Have you ever heard of the term must goes?

Maybe the term Re-Runs? (Minerva, I know you have )

I bet you have heard of the word left overs.

They all mean the same thing.

I had some” left overs” in my refrigerator that “must go” or be turned into a “re-run” meal.

Some things I had to throw away..

Chicken flavored rice that was in a cool whip container hidden way back in the fridge.

A large container of fresh spinach, that I tried to salvage into something edible but there were too many little slimy leaves in them. Yuck!

A small amount of bbq pork.

I did find one little gem.

Part of a left over rotisserie chicken, my oldest daughter who does not cook, brought home for dinner a couple of days ago. 

It looked like lunch to me.

My plan was to boil the whole chicken, make a great broth with it, use part of the broth to go into some spinach soup and the rest of the broth and the chicken meat made into chicken and dumplings. Of course after I looked closer at the spinach, the spinach soup idea turned into a must go into the trash. 

    

                         Here is the broth.                                                    Here is the chicken I pulled offed the bones.

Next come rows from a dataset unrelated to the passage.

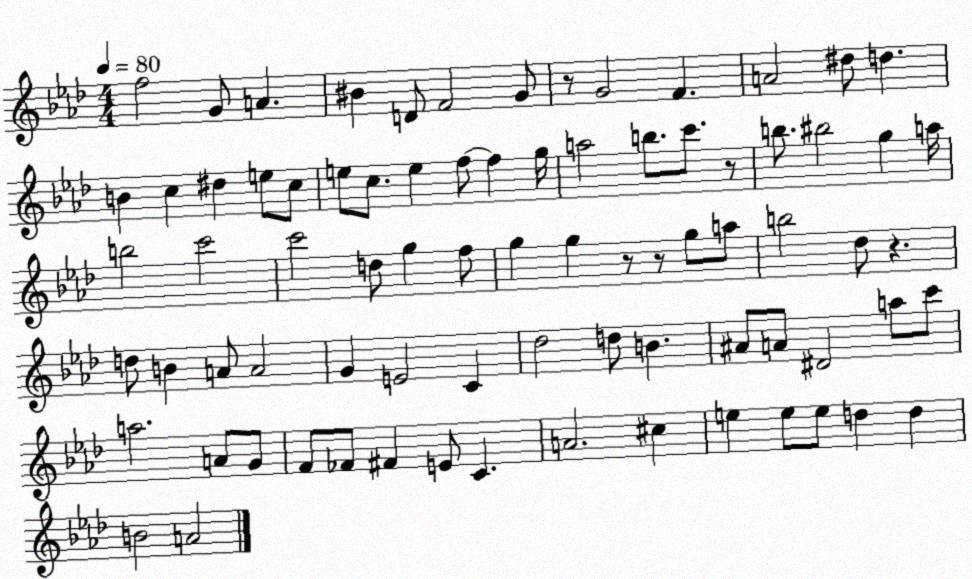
X:1
T:Untitled
M:4/4
L:1/4
K:Ab
f2 G/2 A ^B D/2 F2 G/2 z/2 G2 F A2 ^d/2 d B c ^d e/2 c/2 e/2 c/2 e f/2 f g/4 a2 b/2 c'/2 z/2 b/2 ^b2 g a/4 b2 c'2 c'2 d/2 g f/2 g g z/2 z/2 g/2 a/2 b2 _d/2 z d/2 B A/2 A2 G E2 C _d2 d/2 B ^A/2 A/2 ^D2 a/2 c'/2 a2 A/2 G/2 F/2 _F/2 ^F E/2 C A2 ^c e e/2 e/2 d d B2 A2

Next, I made some homemade dumplings.

    

    

    

    

    

     

You can call it a re-run, a must go or a left over.

My kids are going to be calling it lunch : )

Becky

In case you want to make the dumplings, I have included the recipe below. These dumplings are very tender, so do not over stir them while they cook or they will start to fall apart. If you do not have a homemade broth, just use can chicken broth and add some cooked chicken to the broth. Then add the dumplings. The flour on the dumplings will thicken the broth.

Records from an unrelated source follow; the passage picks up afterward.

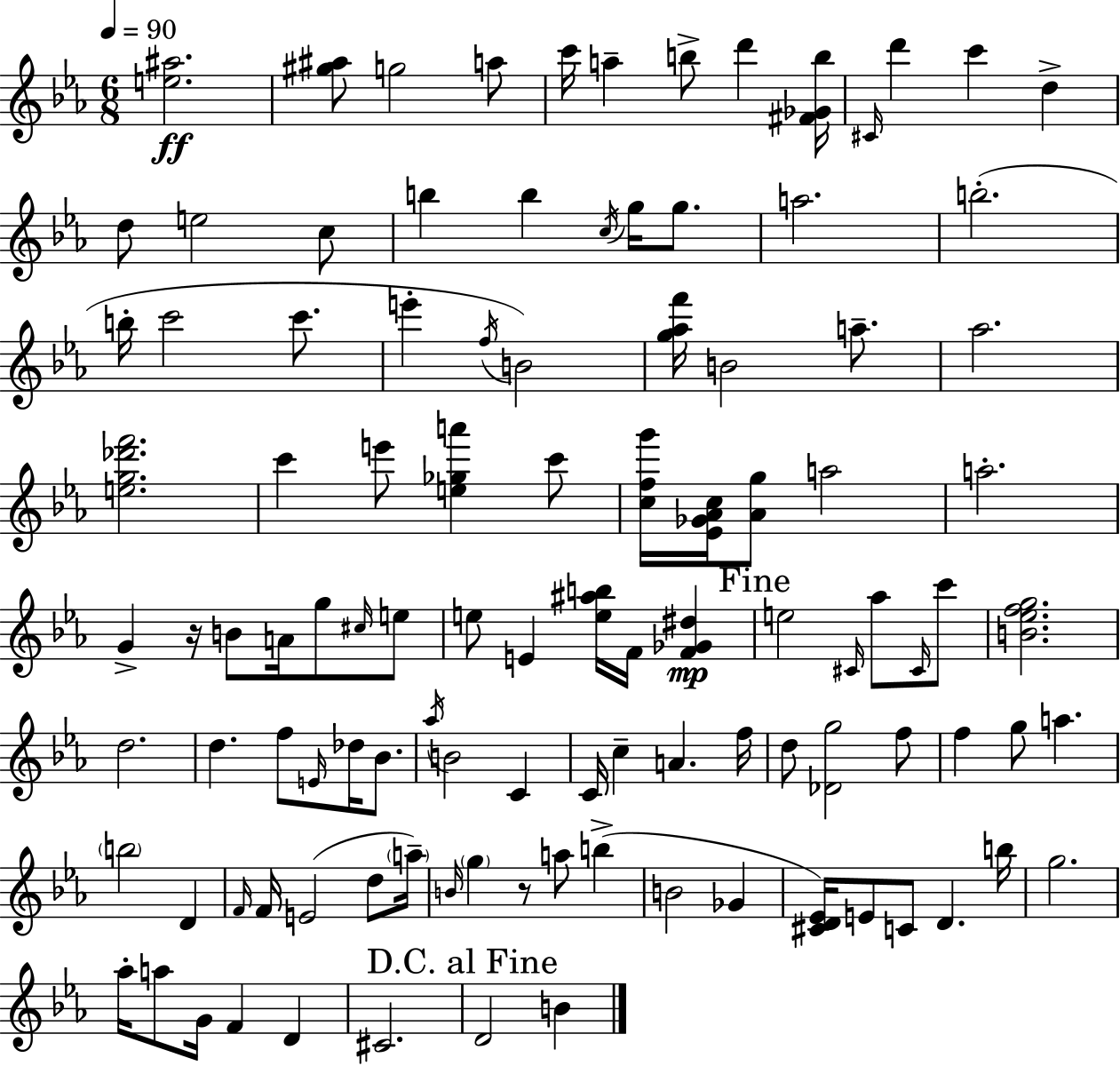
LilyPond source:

{
  \clef treble
  \numericTimeSignature
  \time 6/8
  \key ees \major
  \tempo 4 = 90
  <e'' ais''>2.\ff | <gis'' ais''>8 g''2 a''8 | c'''16 a''4-- b''8-> d'''4 <fis' ges' b''>16 | \grace { cis'16 } d'''4 c'''4 d''4-> | \break d''8 e''2 c''8 | b''4 b''4 \acciaccatura { c''16 } g''16 g''8. | a''2. | b''2.-.( | \break b''16-. c'''2 c'''8. | e'''4-. \acciaccatura { f''16 }) b'2 | <g'' aes'' f'''>16 b'2 | a''8.-- aes''2. | \break <e'' g'' des''' f'''>2. | c'''4 e'''8 <e'' ges'' a'''>4 | c'''8 <c'' f'' g'''>16 <ees' ges' aes' c''>16 <aes' g''>8 a''2 | a''2.-. | \break g'4-> r16 b'8 a'16 g''8 | \grace { cis''16 } e''8 e''8 e'4 <e'' ais'' b''>16 f'16 | <f' ges' dis''>4\mp \mark "Fine" e''2 | \grace { cis'16 } aes''8 \grace { cis'16 } c'''8 <b' ees'' f'' g''>2. | \break d''2. | d''4. | f''8 \grace { e'16 } des''16 bes'8. \acciaccatura { aes''16 } b'2 | c'4 c'16 c''4-- | \break a'4. f''16 d''8 <des' g''>2 | f''8 f''4 | g''8 a''4. \parenthesize b''2 | d'4 \grace { f'16 } f'16 e'2( | \break d''8 \parenthesize a''16--) \grace { b'16 } \parenthesize g''4 | r8 a''8 b''4->( b'2 | ges'4 <cis' d' ees'>16) e'8 | c'8 d'4. b''16 g''2. | \break aes''16-. a''8 | g'16 f'4 d'4 cis'2. | \mark "D.C. al Fine" d'2 | b'4 \bar "|."
}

If you like a firmer dumpling, I have another dumpling recipe that has an egg in it, that is a little firmer, I will make sometime in the near future for you.

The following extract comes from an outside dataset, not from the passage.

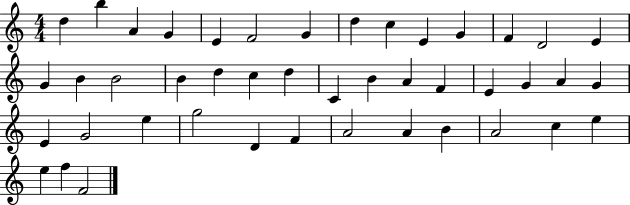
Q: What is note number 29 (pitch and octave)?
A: G4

Rolled Out Tender Dumplings

Ingredients:

2 cups flour

2 teaspoons baking powder

1 teaspoon salt

1/3 cup shortening

1/2 cup milk.

Directions:

In a bowl mix the flour, baking powder and salt together. With a pastry blender, cut the shortening into the flour until you get the shortening into a small pea size. Add the milk and stir. (I had to add just a tad more milk to get the dough to come together.)

On a floured counter, knead the dough together and roll out to 1/4 inch thick. With a pizza cutter cut the dough into 1 inch size squares. Have your broth on a slow boil and gently drop the dumplings in the broth, one at a time. Gently stir to keep the dumpling from sticking together. Gently boil until the dumplings are cooked through.